## BRIEF
An exact copy of every entry is required, minus the pictures.

## RECORDS FOR PROCESSING
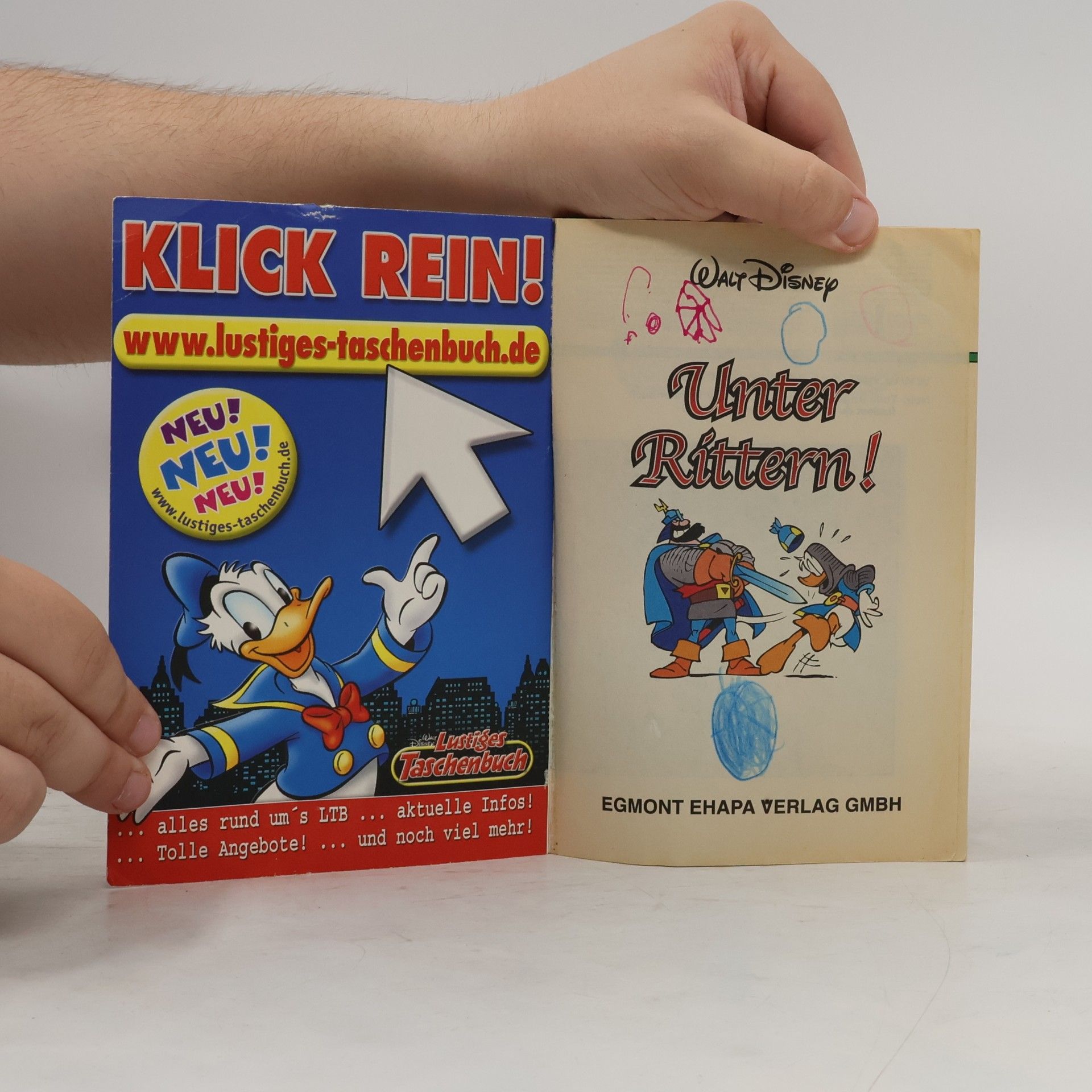 Walt Disney Lustiges Taschenbuch 361. Unter Rittern!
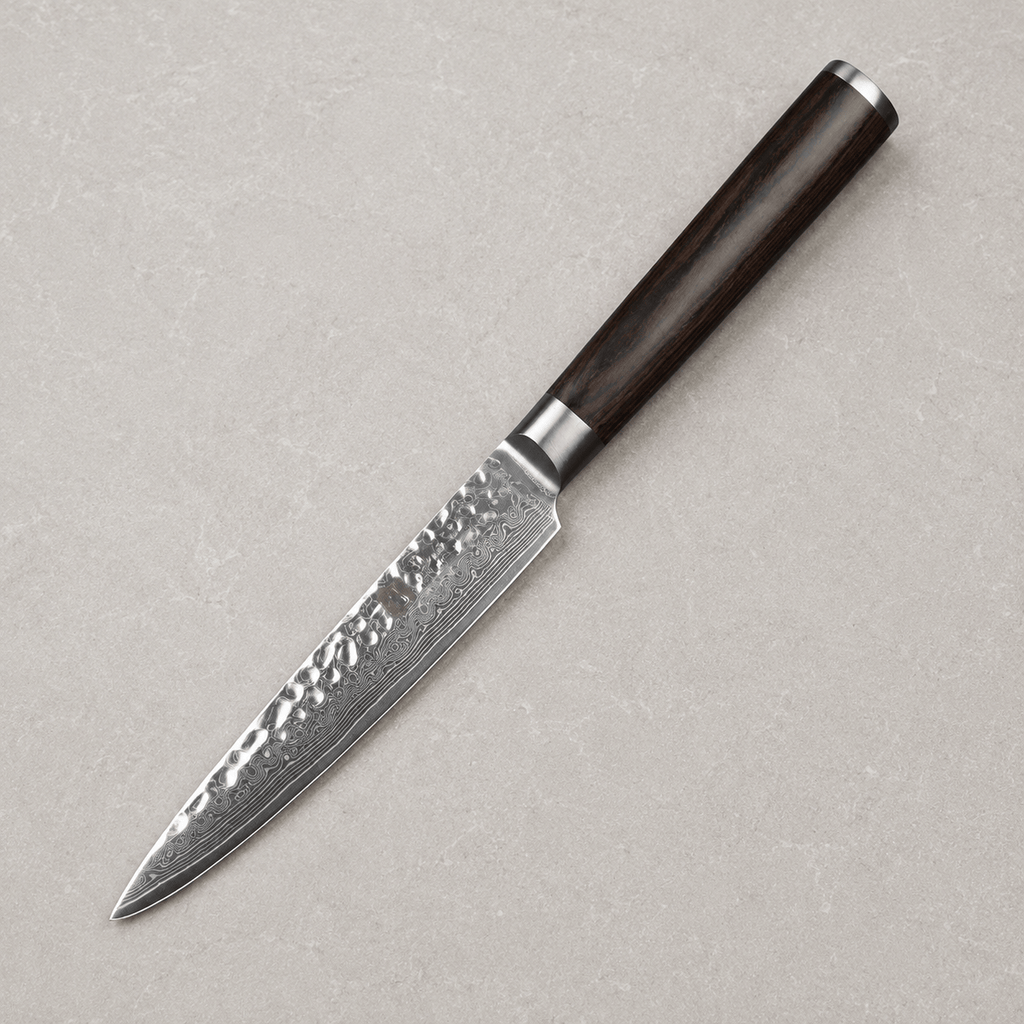 Meito Knives Tsukikage - Utility Knife Damascus 5"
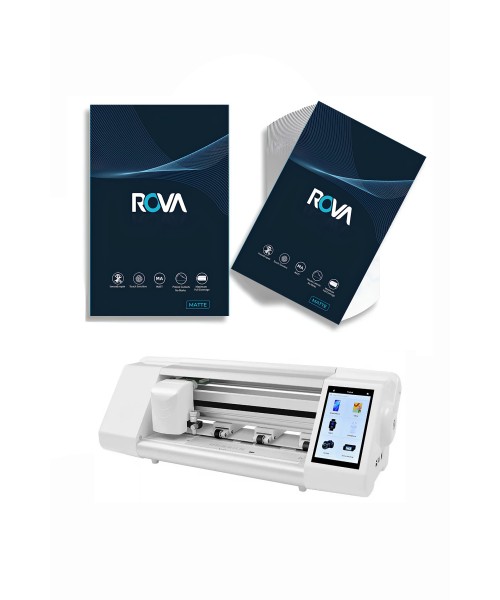 Rova Mat Nano Jelatin Ekran Koruyucu 120x180mm (50 Adet)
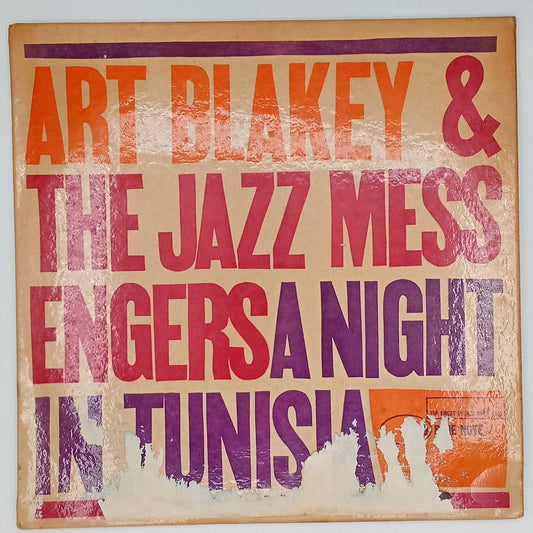 Art Blakey & The Jazz Messengers – A Night In Tunisia
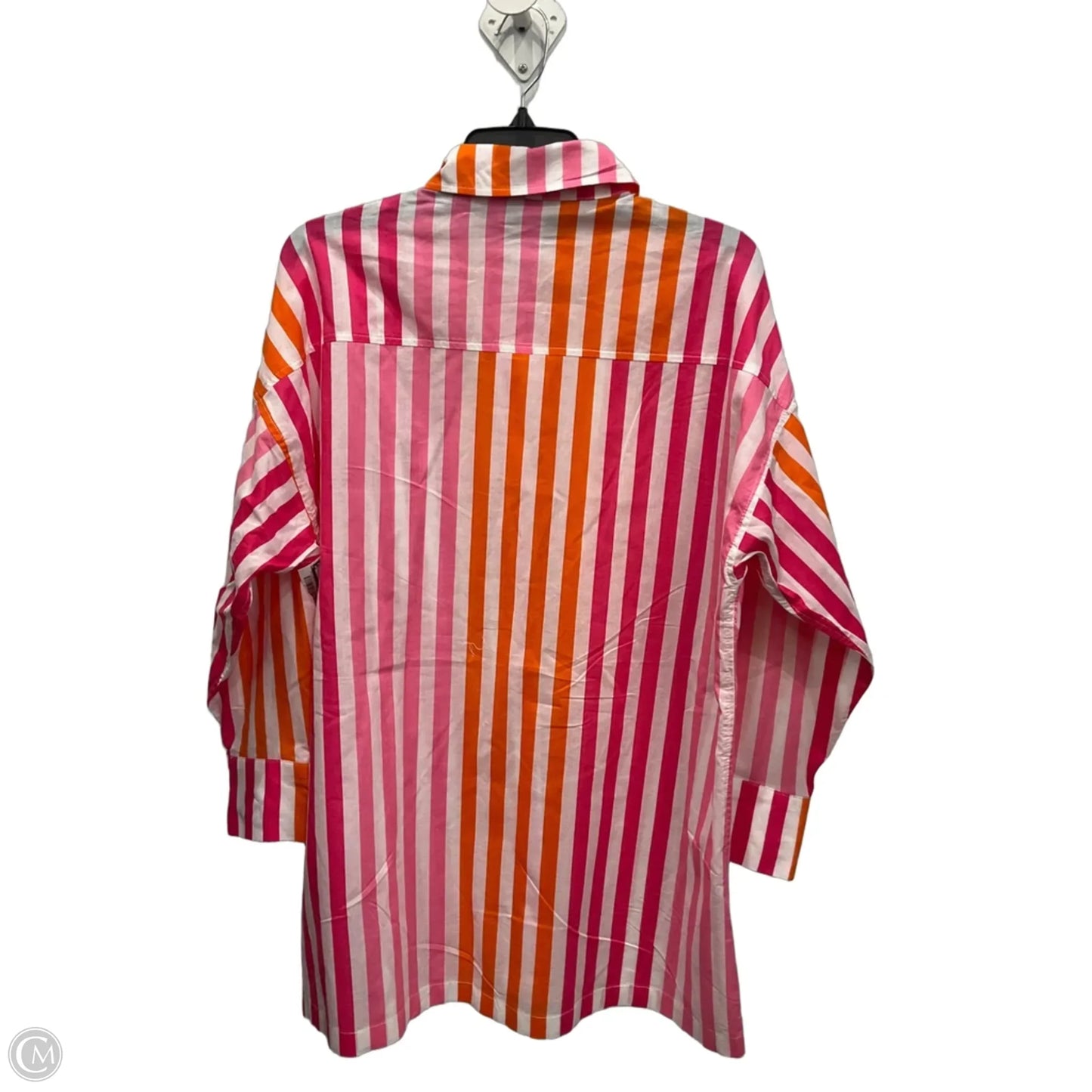 Swimwear Cover-up By Beach Riot In Striped Pattern, Size: M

## WRITTEN RESPONSE
 Walt Disney Lustiges Taschenbuch 361. Unter Rittern!
 Meito Knives Tsukikage - Utility Knife Damascus 5"
 Rova Mat Nano Jelatin Ekran Koruyucu 120x180mm (50 Adet)
 Art Blakey & The Jazz Messengers – A Night In Tunisia
 Swimwear Cover-up By Beach Riot In Striped Pattern, Size: M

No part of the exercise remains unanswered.